Paradoxically, emergence of a vaccine could undermine the COVID fight, by making people complacent and less willing to adopt safety measures such as wearing masks and social distancing. Nonetheless, the Pfizer and Moderna vaccines offer a path to eventual normalcy.
It’s noteworthy that stock market gains last week were achieved amid choppy trading, as coronavirus headlines provided mixed news. Upward momentum for the markets should continue for the rest of the year, but we’ll experience considerable volatility along the way.
Keep an eye on major economic data scheduled for release this week. Key reports include retail sales and industrial production (Tuesday); housing starts (Wednesday); and initial jobless claims and existing home sales (Thursday).
The third wave…
Now that the tumultuous U.S. presidential election is over, investors are giving greater attention to the deadly coronavirus pandemic. Last Thursday, the daily number of new infections surged past 150,000 for the first time (see chart).
The U.S. is experiencing a third wave of coronavirus infections that’s worse than the spring and summer waves. As hospitals throughout the country fill to capacity, the country faces a humanitarian crisis.
The alarming spike in COVID cases will continue to roil markets. Beneath the euphoria over the election is an undercurrent of fear that the resurgent coronavirus will undermine the fragile economic recovery.

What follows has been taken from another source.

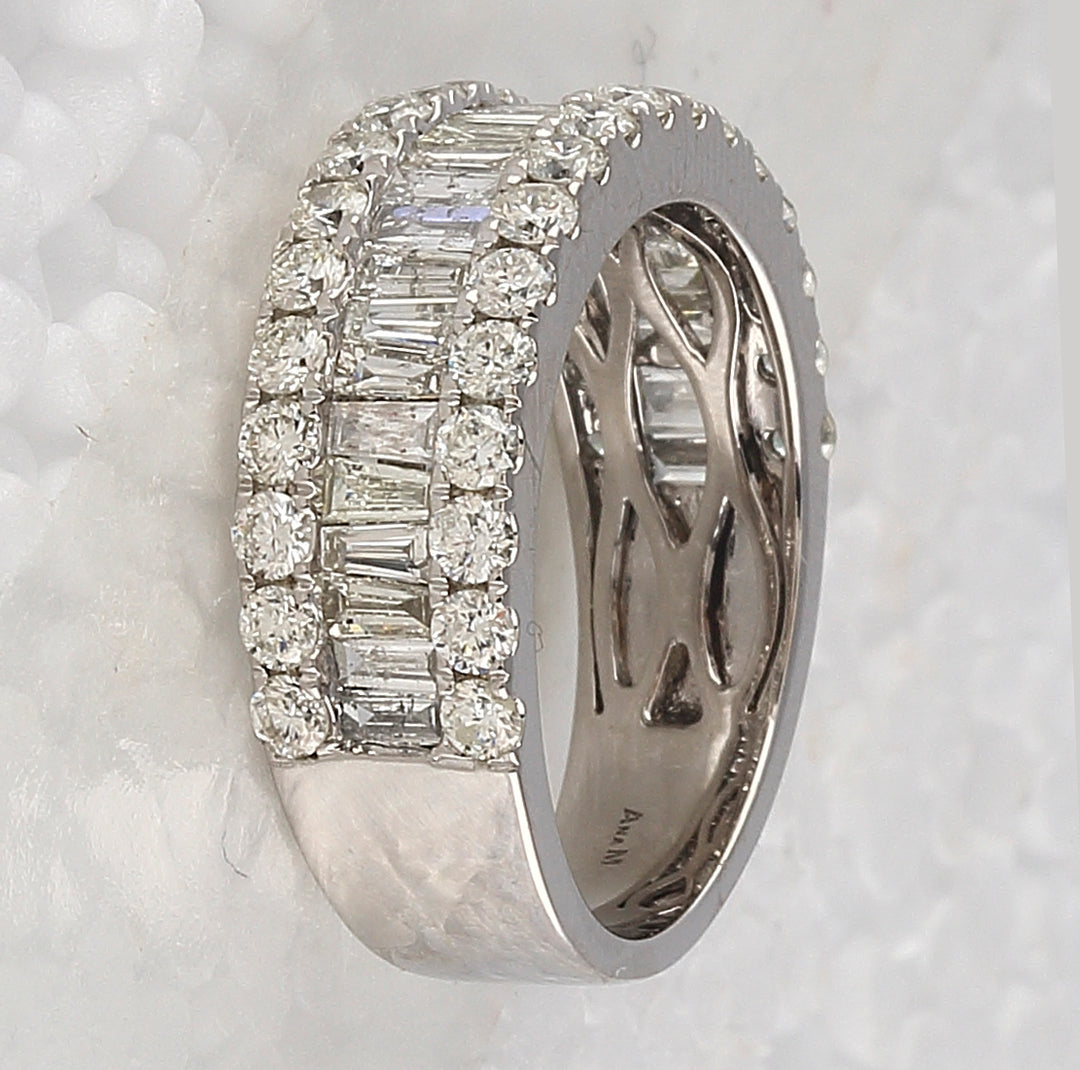 14kt White Gold Womens Baguette Diamond Cocktail Anniversary Ring 2.00 Cttw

Reimposed lockdowns would devastate a jobs market that’s struggling to recover. The government reported last Thursday that initial jobless claims last week fell to 709,000, the fourth consecutive weekly decline and the lowest reading since the pandemic began (see the following chart).
To be sure, the employment situation is improving, but as you can see from the chart, it still has a long way to go.
One favorable sign: improving bottom lines. Third-quarter corporate earnings are exceeding expectations and they’re expected to return to robust growth in the first quarter of 2021. So far, more than 80% of S&P companies have surprised on the upside for Q3 by an average of 17%, according to research firm FactSet.
Next year will likely mark the start of a new secular bull market, but in the meantime buckle up. We’ll suffer coronavirus-induced turmoil along the way.